When Paul Wright and the Bishopsgate Gang concluded Operation Saxon, the distribution network they uncovered was operating all over Europe. Stools were sent out to Spain and Lanzarote with £2000 worth of Pesetas. They would spend the money there and then wire clean, legitimate money back through Western Union. Those at the bottom of the distribution chains would go into shops and say buy a disposable camera for a couple of pounds with a large denomination note – the change handed back would be legitimate currency. In the UK those wanting to get rid of counterfeit will go to stores like Marks and Spencers, buy ten suits and then return them four or five days later offering an excuse. The change, of course, will be legitimate currency.
Yet it is clear that counterfeiting doesn’t only touch the deep pockets of the Bank of England. Seventy year old pensioner John Brown in Manchester, (the name is a pseudonym as he doesn’t want to reveal his name as he is terrified of reprisals) lost £3000. Last December he posted an ad in his local paper for two 9 carat gold omega watches, family heirlooms, that he couldn’t wear any more because of crippling rheumatoid arthritis in his wrists. A man came round and paid £3000 to John in what he thought were £20 notes.
“Although I have had two cataract operations recently,” he says, “they were so good I couldn’t tell them apart from real ones.” Only later when John’s wife tried to pay the money in at the Post Office and they refused saying it was counterfeit was John made aware that he had been duped. “I then noticed that ink was coming off on my hands and some of the serial numbers were the same,” he says. “It ruined my Christmas and I feel terrible about it,” he laments. “I’m just a pensioner; £100 is a lot of money to me let alone £3000. We really needed that money. I think these people want locking up for life, it’s an offence against the crown, copying the Queens head like that. What is the Bank of England doing for people like us?”
A spokesperson for the Bank says new measures are constantly being introduced and a new £10 out in the Autumn will have micro-lettering and other features. “We have a rolling programme so that when new technology becomes available to thwart counterfeiters we can keep counterfeiters at a lower level than we already have.” As for the Euro; “As we are not going to be part of it, it is not really an issued for us.”
However, the European Central Bank is deeply worried and the Report on the Legal Protection of Banknotes in the European Union Member States in 1999 promised a whole raft of measures to combat counterfeiting.
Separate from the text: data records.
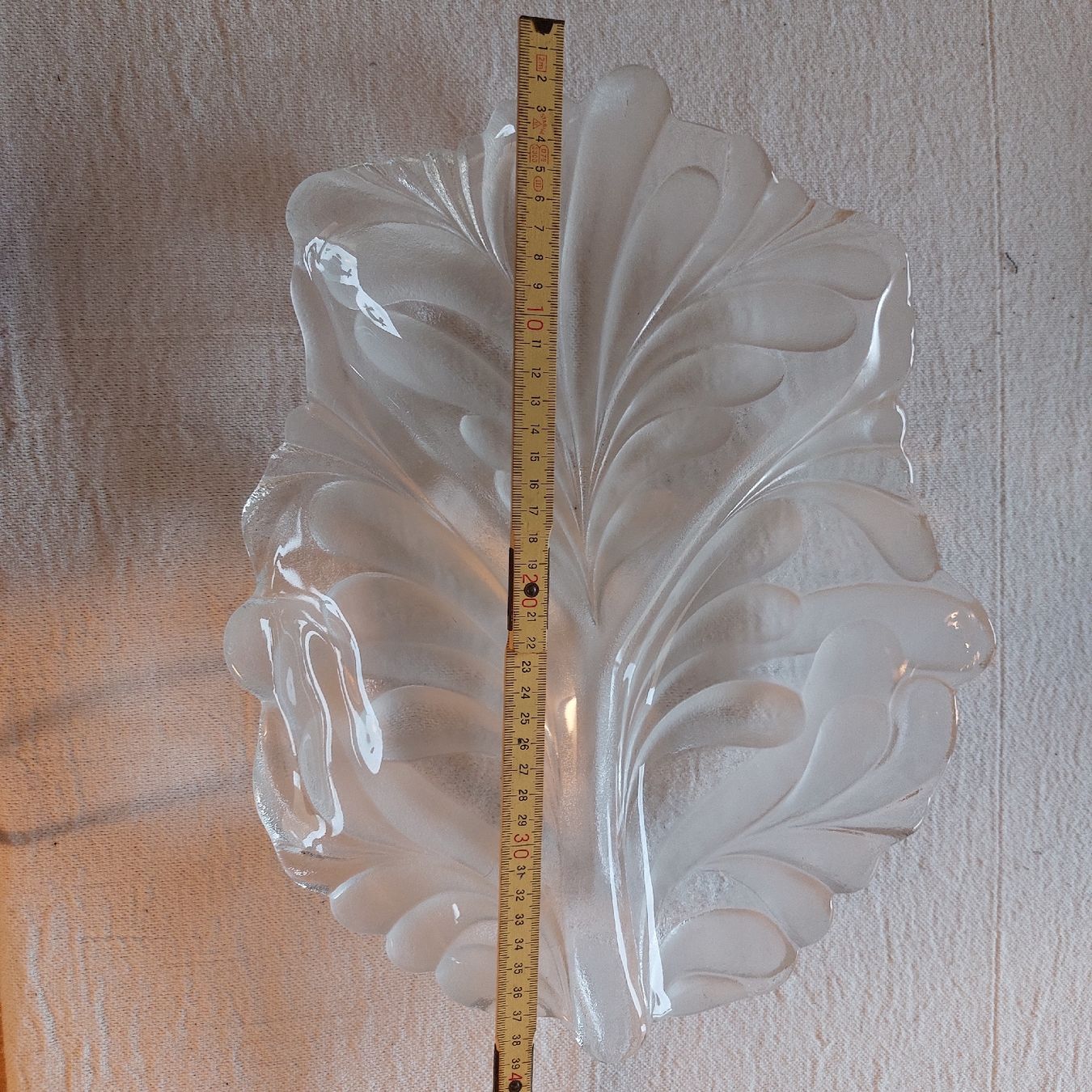 Servierplatten: Glasschale für Obst,  deko – Gebraucht aus Freienbach von Stuagert 1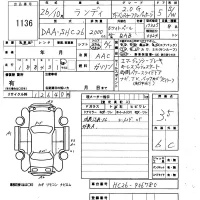 Suzuki LANDY лот № 1136 оценка 3.5  с аукциона в Японии 5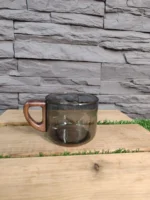 لیوان پیرکس دسته چوبی و ست های دیگر - تصویر 11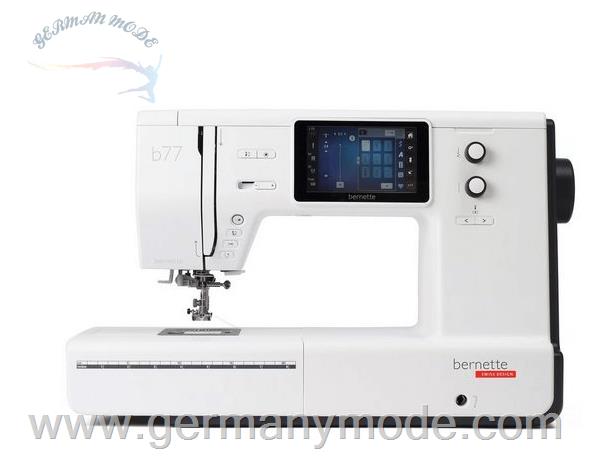 چرخ خیاطی 209 کاره برنت سوئیس Bernette Nähmaschine b77, 209 Programme, Touchscreen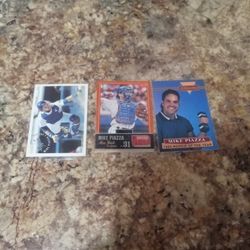 3 Great Rare Mike Piazza Cards In Near/Mint Condition 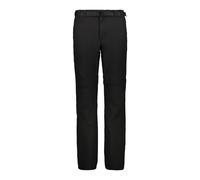 CMP - Man Zip Off Pant, Black, 50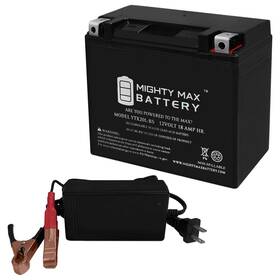 Ytx20l-bs12v4a662 Mighty Max Battery Ytx20l-bs Replaces Yamaha Vx Super Jet Ex Exr 21-24 12v 4a Chrgr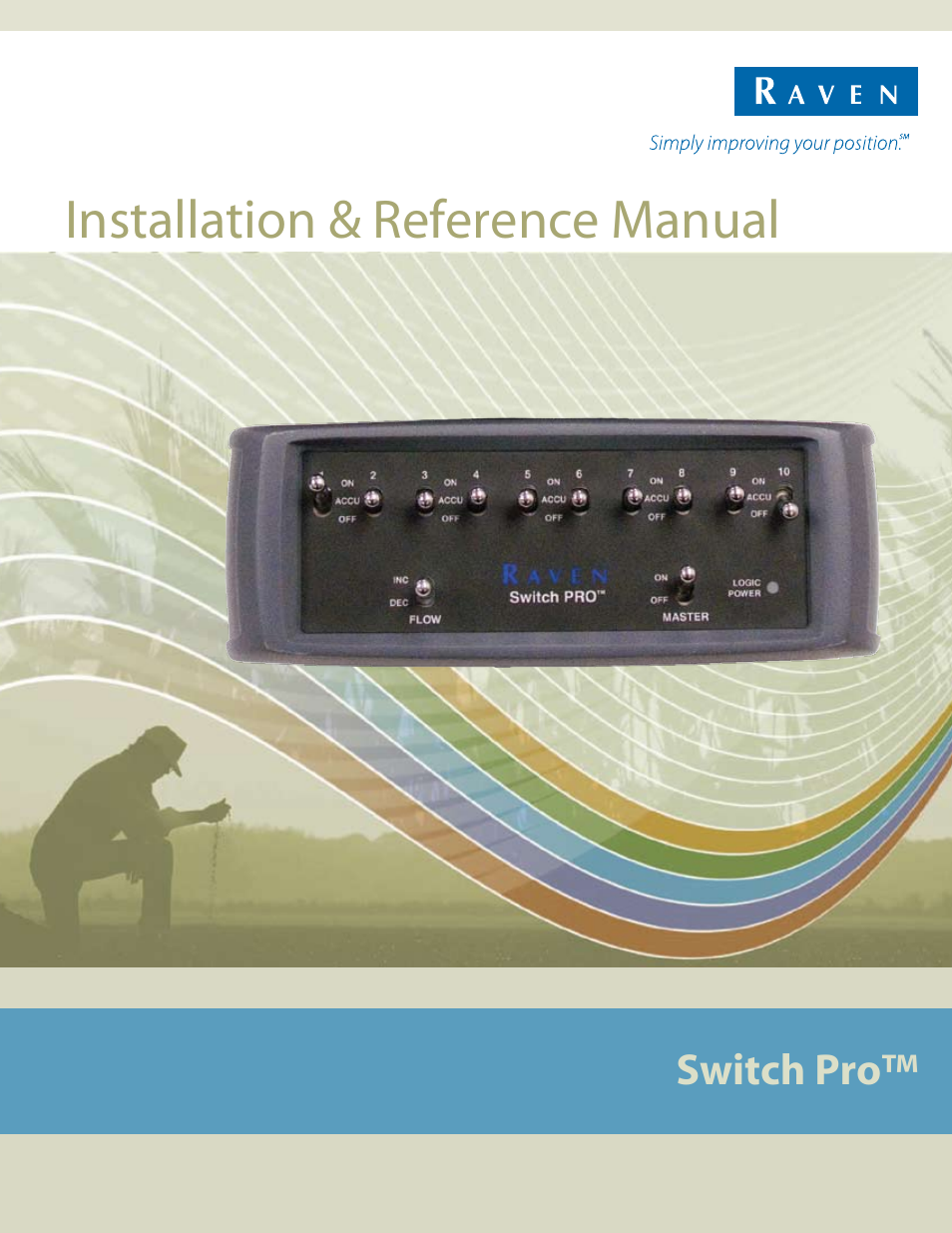Smithco Switch Pro Installation & Operation Manual User Manual | 36 pages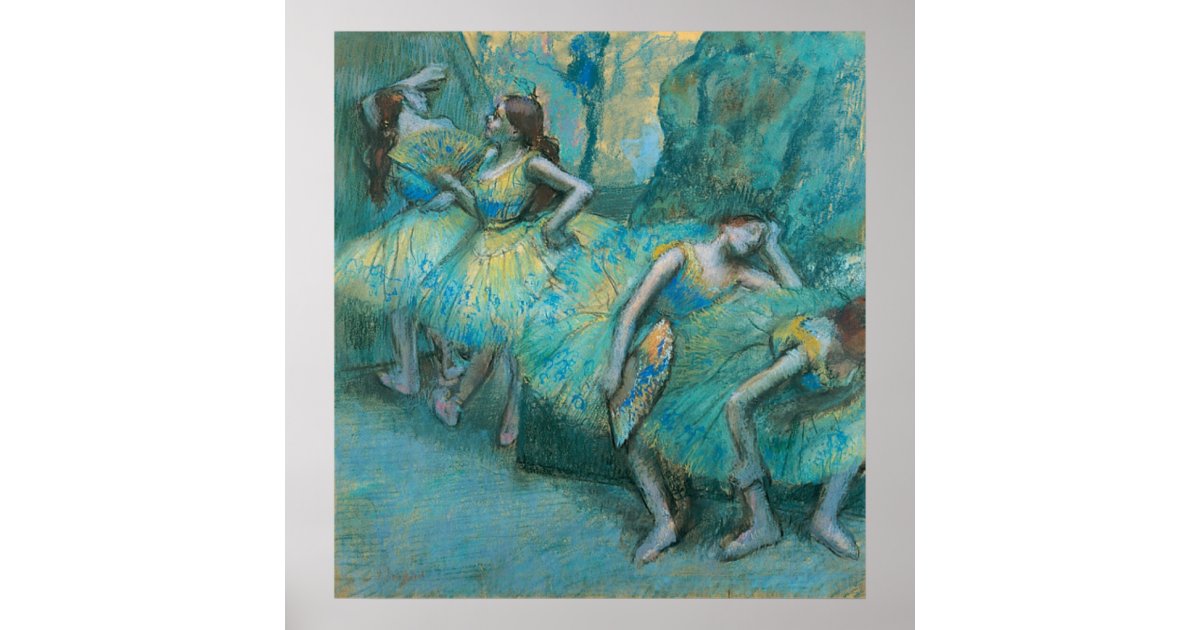 DIY Oil Painting Kit,The Rehearsal Painting by Edgar Degas DIY Oil Painting  Paint by Number Kits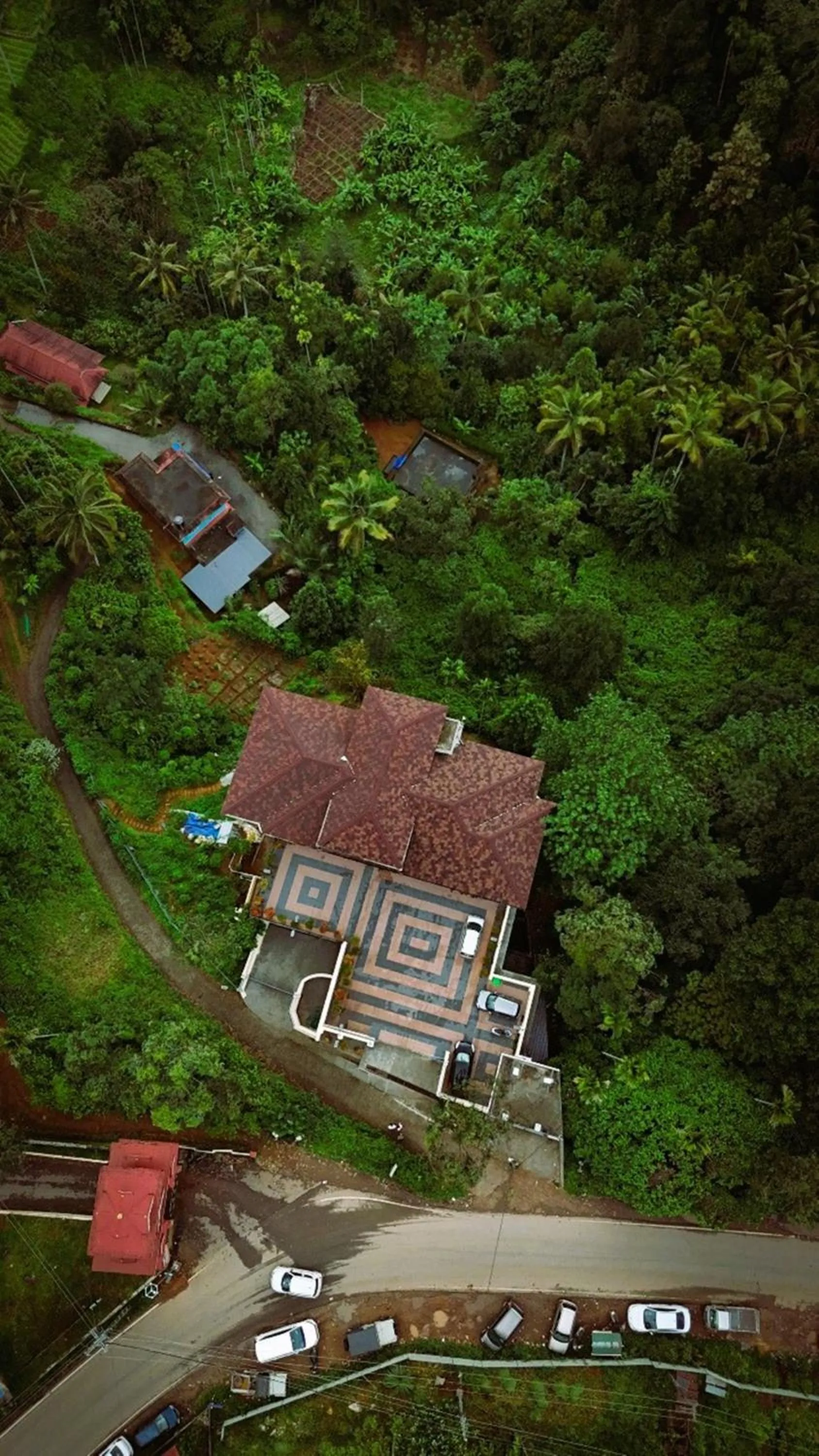 Property building in Misty Dale Luxury Resort & Spa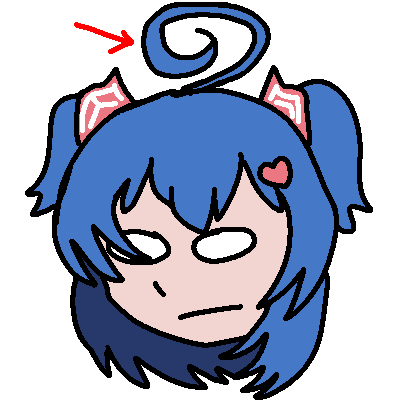 Ahoge's image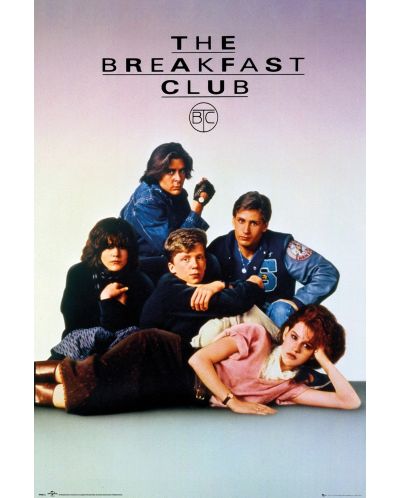 Poster maxi GB eye Movies: The Breakfast Club - Key Art - 1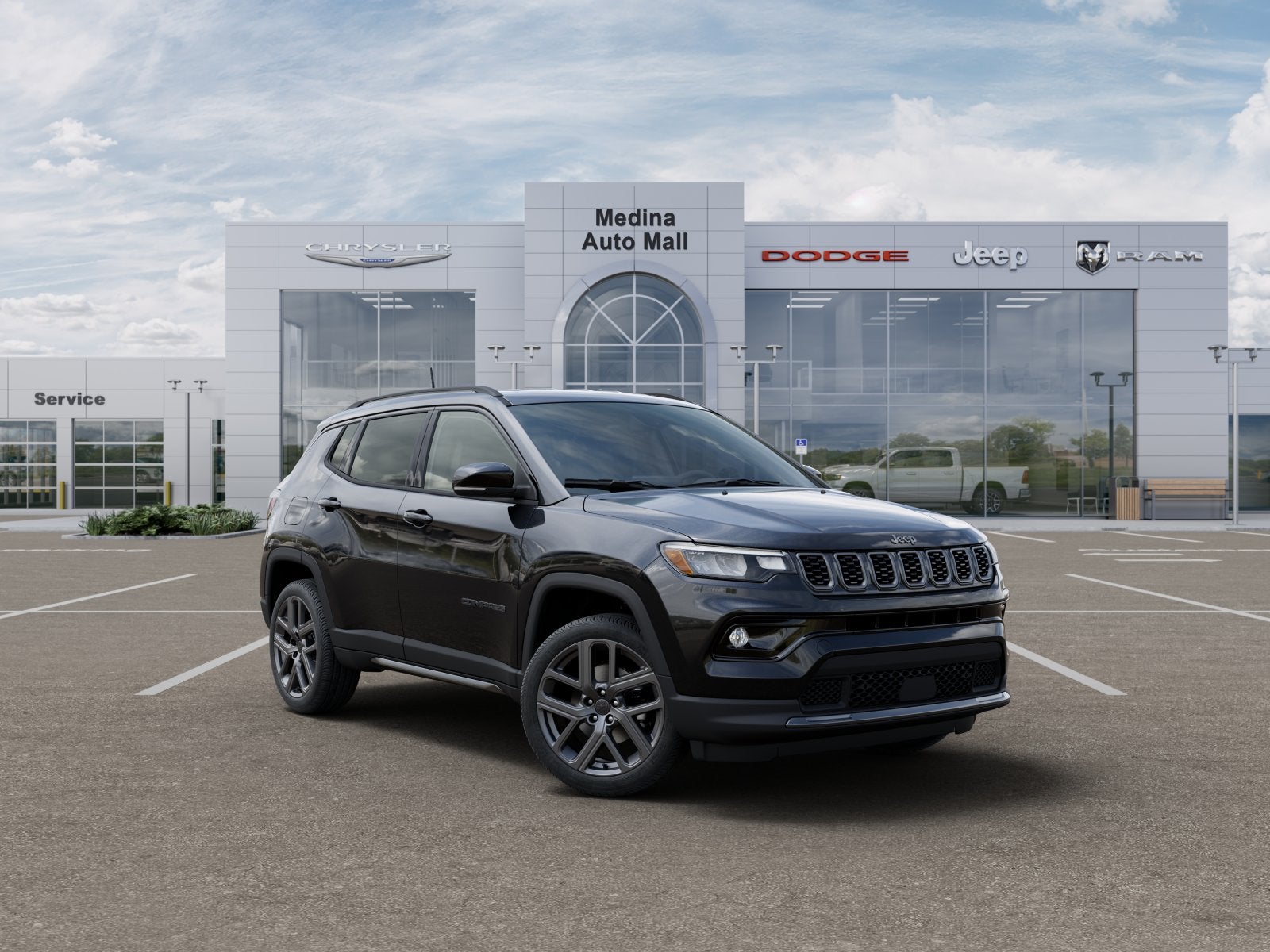 2026 Jeep Compass Limited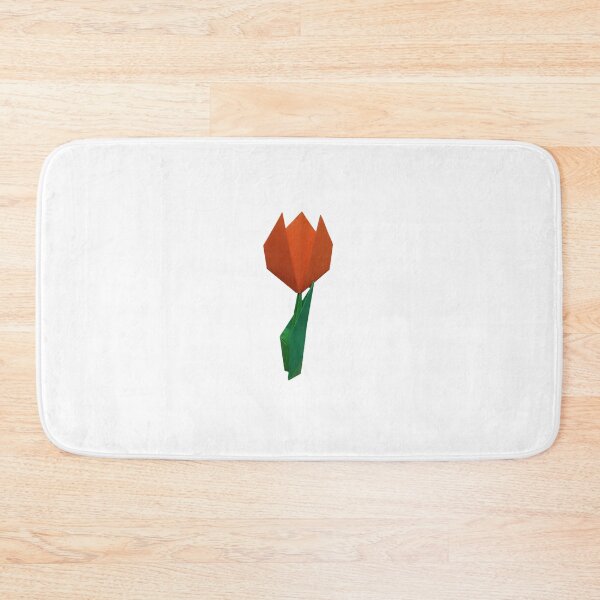 Item preview, tulip town, tulip, orange tulip, spring, flower spring, origami, origami work designed and sold by colorgallery11.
The report says the Euro looks likely to be heavily counterfeited. Yet the ECB has pledged to set up a database with the specific responsibility for gathering intelligence on new types of counterfeit Euros. Europol are waiting with baited breath.
Does Michael ever feel any sense of remorse for people like John Brown who have lost considerably large amounts of money that they can’t afford to lose? “Well,” says Michael draining his lager, “I have had pangs of conscience I must admit. Not that badly mind you, but especially when you’ve been had over yourself. But I never thought my money would be in general circulation. The only victims I thought were the banks and post offices – there was just a feeling among us that this was being coughed up by the country that’s all.”
The sense of foreboding about the Euro is already causing ripples among Michael’s associates. “Its all gone very quiet, suspiciously quiet” he says, ruminatively. “A few months back there was a buzz that something big was gonna happen. Maybe its the Euro.”